Waheeda, as charming as ever at 76, also feels "sorry" for the younger lot who she says are burning out because of multi-tasking.
"People come up to me and say that when I did films, that was the golden era, but I don't agree with that. With our films getting appreciation abroad, I feel now is the golden era," Waheeda told IANS in an exclusive interview.
"I feel actors burn out fast these days because they do too many things. Other than movies, they take up endorsements, stage performances, promotions, and it takes up so much of their time. I feel sorry for the fact that they have to do so much."
Before entering Hindi movies with the 1956 release C.I.D, Waheeda had been a part of successful Telugu and Tamil films like Jayasimha, Rojulu Marayi and Kaalam Maari Pochu.
Then came unforgettables like Pyaasa, 12 O'Clock, Kaagaz Ke Phool, Sahib Bibi Aur Ghulam, Chaudhvin Ka Chand, Teesri Kasam and Mujhe Jeene Do - all landmarks in Hindi cinema.
Waheeda, who has spent over five decades in filmdom, in what is now commonly known as Bollywood, feels the industry has changed for the better since her time.
"There have been a lot of good changes - be it technically, or in terms of subjects and performances. There are very good movies made like The Dirty Picture, Kahaani, Black, Paan Singh Tomar and Peepli Live."
"But there is too much of uncertainty too. Movies have become very expensive and fortunately for them, within a week they get back their money.

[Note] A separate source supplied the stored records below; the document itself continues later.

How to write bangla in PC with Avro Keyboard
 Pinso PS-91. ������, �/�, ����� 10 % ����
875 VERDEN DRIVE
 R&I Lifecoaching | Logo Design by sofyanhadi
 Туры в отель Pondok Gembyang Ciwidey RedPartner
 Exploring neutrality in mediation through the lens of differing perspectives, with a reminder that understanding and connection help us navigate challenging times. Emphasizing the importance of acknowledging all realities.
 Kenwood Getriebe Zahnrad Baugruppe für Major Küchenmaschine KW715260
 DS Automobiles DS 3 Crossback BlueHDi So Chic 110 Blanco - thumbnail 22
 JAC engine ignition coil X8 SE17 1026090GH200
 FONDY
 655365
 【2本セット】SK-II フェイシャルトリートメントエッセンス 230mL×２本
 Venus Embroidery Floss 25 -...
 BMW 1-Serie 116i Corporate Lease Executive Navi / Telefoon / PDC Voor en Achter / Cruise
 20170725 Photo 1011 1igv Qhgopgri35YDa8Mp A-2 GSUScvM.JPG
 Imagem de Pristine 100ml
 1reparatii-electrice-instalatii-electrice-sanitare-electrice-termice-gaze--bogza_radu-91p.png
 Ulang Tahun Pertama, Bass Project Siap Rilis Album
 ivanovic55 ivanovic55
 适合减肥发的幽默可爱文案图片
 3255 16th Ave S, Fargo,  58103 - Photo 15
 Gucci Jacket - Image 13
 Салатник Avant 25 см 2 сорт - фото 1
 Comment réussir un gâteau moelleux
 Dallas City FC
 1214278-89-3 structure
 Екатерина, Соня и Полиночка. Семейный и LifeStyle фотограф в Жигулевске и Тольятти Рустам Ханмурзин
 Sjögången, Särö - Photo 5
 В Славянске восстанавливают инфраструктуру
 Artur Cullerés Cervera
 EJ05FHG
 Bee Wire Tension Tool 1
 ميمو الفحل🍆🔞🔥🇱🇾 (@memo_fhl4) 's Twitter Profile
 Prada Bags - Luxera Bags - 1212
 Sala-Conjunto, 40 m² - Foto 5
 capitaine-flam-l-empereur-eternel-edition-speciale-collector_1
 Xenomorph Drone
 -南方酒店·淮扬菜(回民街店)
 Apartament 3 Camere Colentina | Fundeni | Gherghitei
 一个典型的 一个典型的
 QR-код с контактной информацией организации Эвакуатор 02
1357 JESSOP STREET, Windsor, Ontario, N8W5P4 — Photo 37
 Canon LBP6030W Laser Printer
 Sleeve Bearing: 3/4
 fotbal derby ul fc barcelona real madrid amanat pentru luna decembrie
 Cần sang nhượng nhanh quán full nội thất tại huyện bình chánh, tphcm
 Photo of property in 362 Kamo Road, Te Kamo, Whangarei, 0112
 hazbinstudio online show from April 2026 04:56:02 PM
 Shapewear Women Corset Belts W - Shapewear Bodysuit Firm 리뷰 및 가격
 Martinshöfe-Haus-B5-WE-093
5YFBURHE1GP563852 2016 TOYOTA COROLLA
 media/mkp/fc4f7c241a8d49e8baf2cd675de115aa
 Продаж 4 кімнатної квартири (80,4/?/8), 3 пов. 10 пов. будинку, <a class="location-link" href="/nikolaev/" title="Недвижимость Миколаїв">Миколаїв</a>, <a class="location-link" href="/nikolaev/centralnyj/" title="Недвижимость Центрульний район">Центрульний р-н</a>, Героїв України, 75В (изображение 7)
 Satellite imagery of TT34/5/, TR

But it is not a question of money; it is also about the quality of movie," she said.
Waheeda also appreciates actors for playing all kinds of roles, something that was unheard of during her heyday.
"In our times, even for a small negative role, people used to be like, 'I am a leading lady (so) how can I say this dialogue, or slap someone?'," she said.
She never shied away from unconventional or bold roles. Guide is a case in point. The 1965 film, in which she was paired with Dev Anand, saw her playing a dancer who walks out on her husband to pursue her dreams to be a dancer.
"I was very different. When a scene demanded an abuse or a slap, I used to do it. Actors were always conscious about their public image. They had complexes those days, but now they don't have, which is a good thing," she said.
Was she image conscious?
"I was never conscious of this. I thought an actor should be able to do any role with conviction and sincerity. Script is the most important thing and if the script is good, then whatever role you are doing, it's fine," said the actress, who also excelled in character roles in Mashal and Namak Halaal.
After her appearance in Lamhe (1991), she retired from the film industry only to return after 11 years with Om Jai Jagadish in 2002 followed by Rang De Basanti in 2006; she was last seen in 2009 Delhi 6.
An accomplished, talented dancer herself, the actress feels good dancing skills are important but not vital in current scenario.
"For an actor, one doesn't have to be a dancer. But because our Hindi movies have so many song and dance sequences, it is preferred if they are good dancers. It's always advantageous to know dance. But if you don't, it's okay," she said.
With the changing scenario, Hindi movies lack the element of classical dances.
"It's not possible to have classical dances in the movie unless the subject demands so," she said, citing Guide and Umrao Jaan.
"I don't like people dancing unnecessarily in the film, but it has become a part of movies nowadays. We Indians are musical- and dance-minded people. If a child is born or on a wedding, birthday, we dance. But when a song starts unreasonably, it irritates me," he said.